Each week, the NTIC Cyber Center highlights a different social engineering scam impacting individuals and communities within the National Capital Region. We encourage everyone to share this information with friends, colleagues, and loved ones to help reduce their risk of becoming a victim of financial fraud and identity theft.
Virtual kidnapping is a type of phone scam in which the perpetrator uses online reconnaissance and social engineering tactics to research their victims and convince them that their loved ones have been kidnapped. The perpetrator then demands a ransom payment for their safe return. However, the kidnapping never actually took place and the victims’ loved ones are safe, often having no knowledge of the alleged threat. In this scam, the perpetrator relies on generating a strong emotional response to cloud victims’ judgment and extort large sums of money.
The following are common tactics used to conduct these scam calls. With our increased reliance upon mobile phones and social media to communicate with one another, it is crucial to understand how these scams work to reduce the risk of becoming a victim.
Reconnaissance: The perpetrator selects a target and then conducts extensive online research about him or her, often scouring social media accounts and public records websites to gather as much personal information as possible to make the scam call seem credible.

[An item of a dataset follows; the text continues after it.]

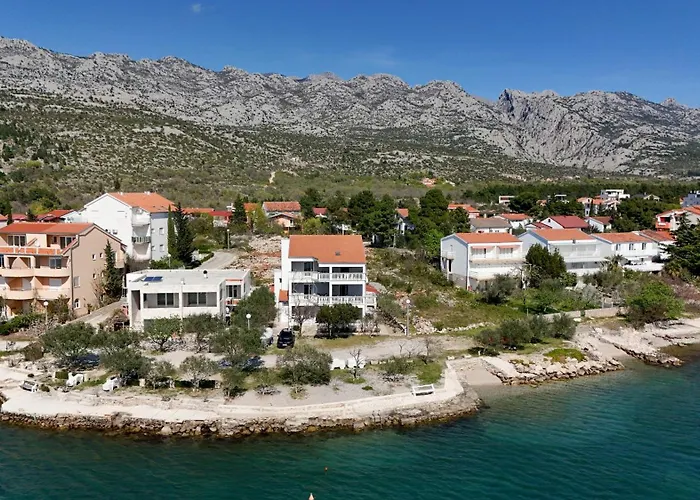 Martom 1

The most popular information collected includes the names of family members, home and work locations, and makes and models of vehicles. Sometimes, videos posted online by targets and their loved ones are collected in order to obtain audio samples of familiar voices to play during calls.
Social Engineering: The perpetrator uses the collected information to craft a story to convince the target that the threat is legitimate. The perpetrator may use text messages or social media to initiate contact with the target, but often they simply make a phone call, preventing the target from contacting the supposed kidnapping victim to verify his or her status and location. Audio samples of the either the kidnapping victim’s voice or generic screaming may be played to strike fear and prevent the target from ending the call or contacting law enforcement before the ransom is paid. Sometimes, the perpetrator uses caller ID spoofing tools to display the kidnapping victim’s actual phone number to further convince the target that the situation is real.

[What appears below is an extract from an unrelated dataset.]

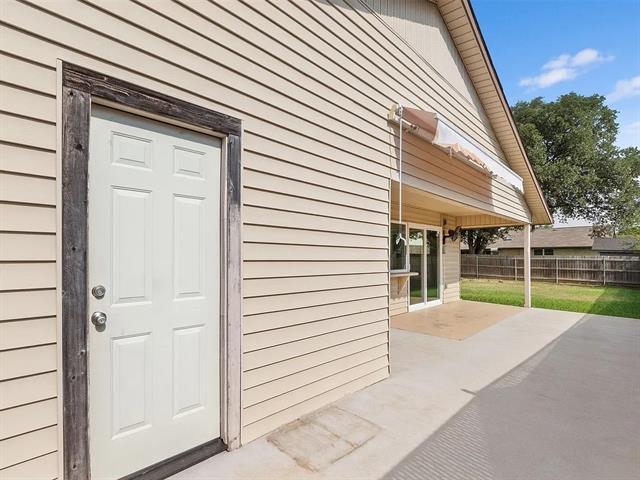 Building Photo - 2829 Elk Grove Rd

Extortion: The perpetrator tells the target to withdraw a certain amount of money from his or her bank account and wire it to a specific account. Targets may also be instructed to deliver the money to a physical location to be collected by an accomplice. In either case, the perpetrator will try to keep the target on the phone until the payment is made to prevent him or her from alerting bank officials or law enforcement.
These virtual kidnapping extortion schemes can be frightening, unsettling, and even costly experiences. To help reduce the risk of you or your loved ones becoming targets, familiarize yourself with the following prevention and mitigation strategies and be sure to share this information with your friends and family.
Tighten privacy settings on social media accounts to prevent anyone other than those listed as a friend or a connection from seeing your posts and personal information.
Limit the amount of personal information you post on websites, applications, and social media platforms and be especially cautious about posting job, home, and vacation locations.
Proactively establish an alternative method of contact for loved ones should you become targeted in a virtual kidnapping scam. Consider social media messaging, text messaging, or contact through another communication application.
If you receive a virtual kidnapping scam call, ask to speak to your loved one directly to verify the authenticity of the phone call.
Refuse to share personal details with the caller such as the names of family members or loved ones.
If you are able to verify the safety of your loved ones, tell the caller that you refuse to pay the ransom and end the call.
If you are not able to verify the safety or location of your loved ones, contact law enforcement immediately, either on another phone line or in person, while remaining on the phone with the scammer.
Report all virtual kidnapping attempts to your local police department and the FBI’s Internet Crime Complaint Center.